Le feuillage argenté de l’olivier reluit le long des côtes de presque toute la Méditerranée, et l’arbre, par sa seule présence, caractérise un climat tempéré non sans chaleur, doux en hiver, souvent variable en toute saison et relativement sec : le climat de l’Espagne, moins les provinces basques et la Galice ; de l’Italie, moins le Piémont et le Milanais ; de la péninsule des Balkans, moins sa partie centrale ; des côtes de l’Asie Mineure, de la Palestine, de la Crimée, de presque toute la zone barbaresque.

La France ne possède d’oliviers que dans un territoire assez resserré dont la délimitation a occupé plus d’un botaniste, plus d’un agronome, plus d’un météorologiste. Supposons un voyageur débarquant à Marseille et se dirigeant vers l’intérieur de la France, en observant à travers la portière de son wagon les modifications de la culture des champs ; s’il s’attache à suivre l’olivier, il le perdra de vue : en allant à Toulouse, avant Carcassonne ; en montant à Clermont, aux approches de la Grand’Combe ; en se tournant vers Lyon, un peu en deçà de Montélimar ; en s’élevant vers Grenoble, aux alentours de Sisteron.
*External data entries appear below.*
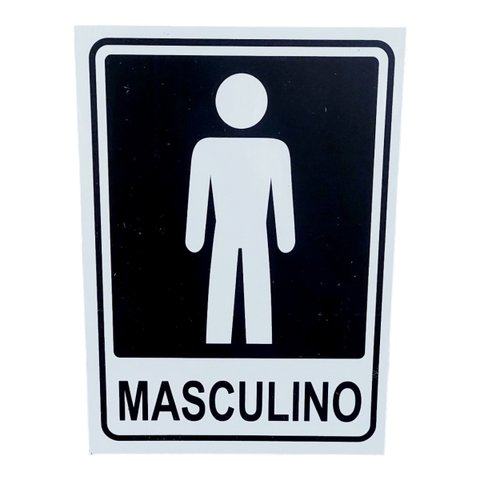 Placa de Sinalização Masculino Fundo Preto 20 X 15 Cm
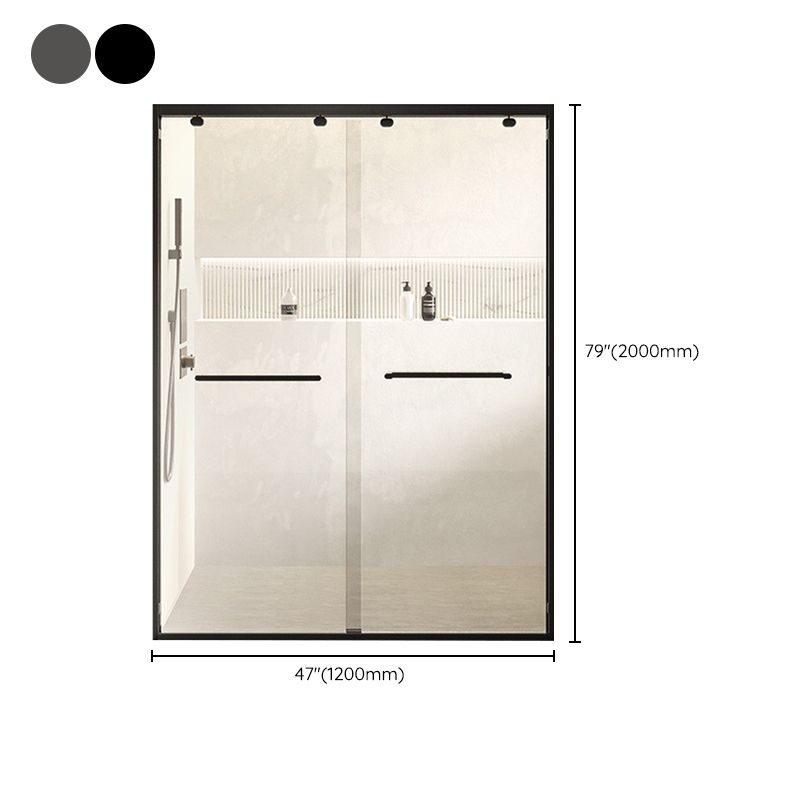 Double Sliding Shower Door Semi Frameless Shower Door with Stainless Steel Frame Clearhalo 'Bathroom Remodel & Bathroom Fixtures' 'Home Improvement' 'home_improvement' 'home_improvement_shower_tub_doors' 'Shower and Tub Doors' 'shower_tub_doors' 'Showers & Bathtubs' 1200x1200_473c6f87-7e20-475a-aad4-4ad3cfc9486c
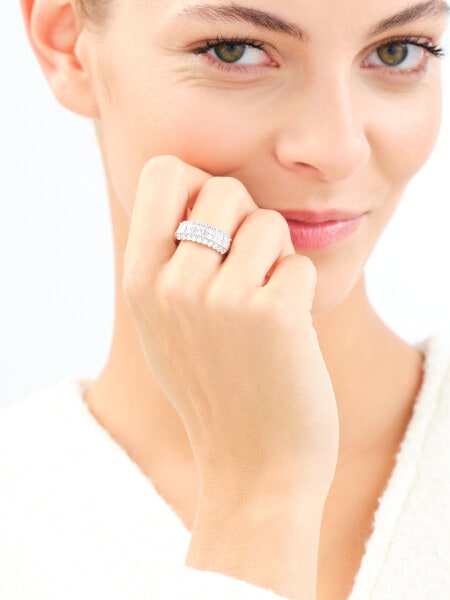 Rhodium Plated Silver Ring with Cubic Zirconia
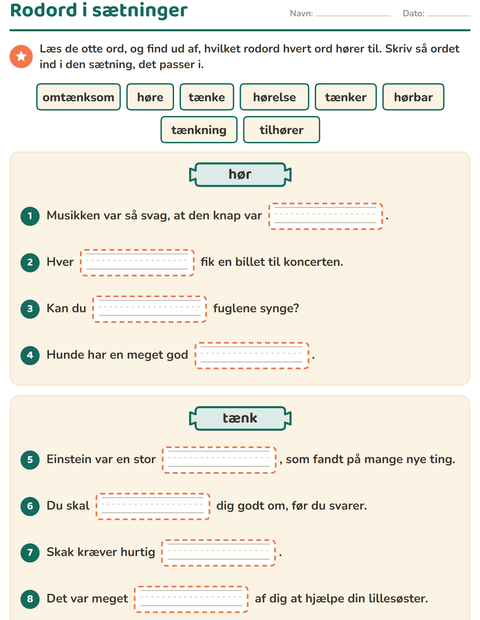 Forhåndsvisning af Forstavelser, endelser og rodord-arbejdsark til 3. klasse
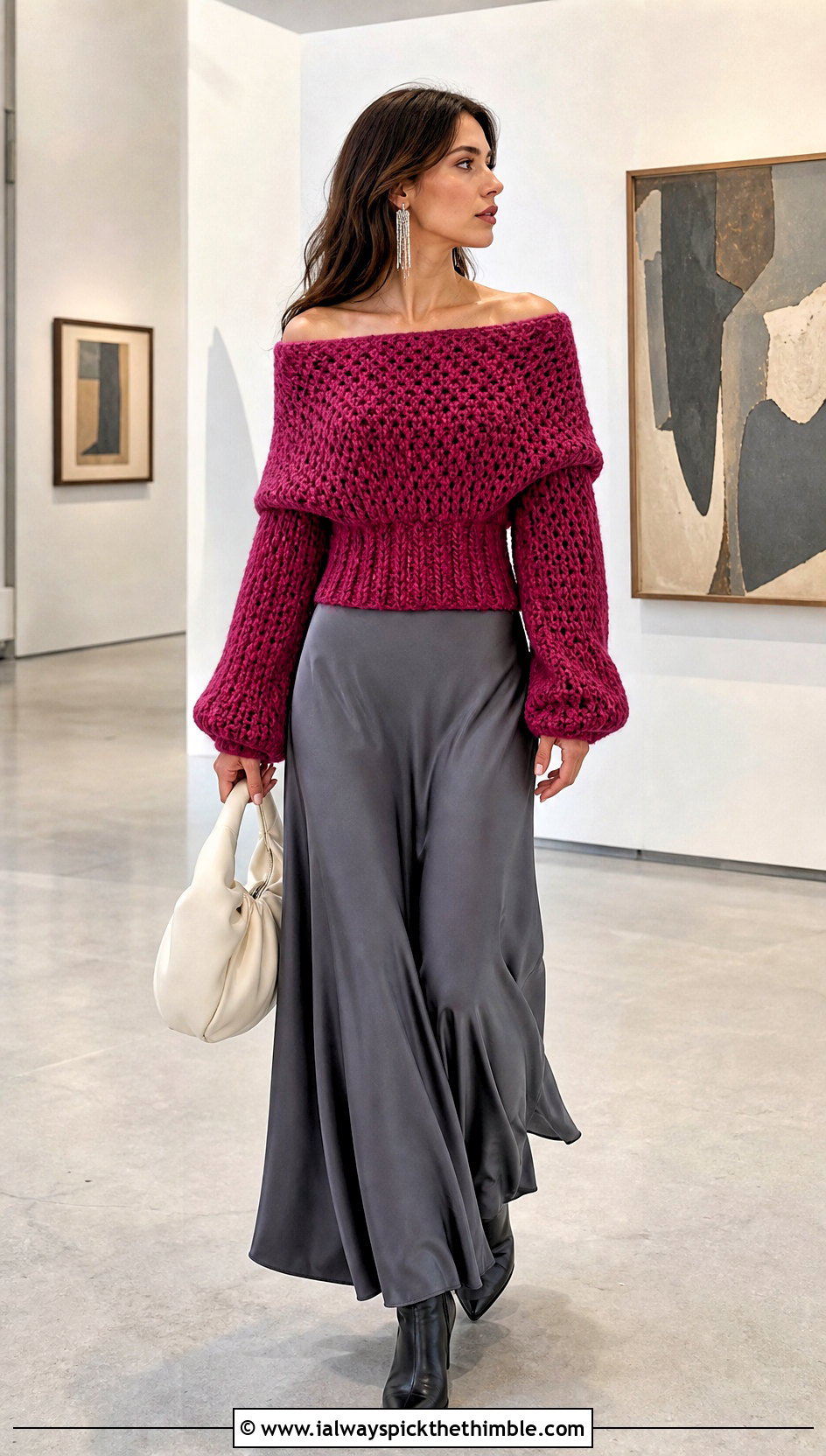 Off Shoulder Chunky Crochet Sweater With Bias Cut Maxi Skirt - 25 chunky crochet sweater outfit ideas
En revanche, l’olivier ne cesse de border les voies littorales Marseille-Vintimille et Marseille-Cerbère.

Si on essaie de comparer cette limite culturale avec d’autres frontières végétales, on voit surgir de curieuses anomalies. A l’ouest du Rhône, dans la direction des Corbières, l’olivier refuse de se maintenir au delà de 300 ou 400 mètres d’altitude, et, plus accommodant, le chêne vert spontané déborde en dehors du domaine de l’olivier. Au pied des Basses-Alpes, les deux rôles mutuels s’intervertissent. Déjà, dans les Baronnies, — arrondissement de Nyons, — l’olivier, enfoncé à plus de 150 kilomètres des côtes, grimpe à 500 ou 600 mètres. Dans le recoin montagneux du Var où nous écrivons ces lignes, vignobles et olivettes s’évanouissent en même temps lorsqu’on remonte les vallées qui serpentent entre les chaînons que nous avons sous les yeux. Dans les Alpes-Maritimes, on a cité des récoltes d’huile provenant d’olives cueillies à plus de 1 000 mètres d’altitude.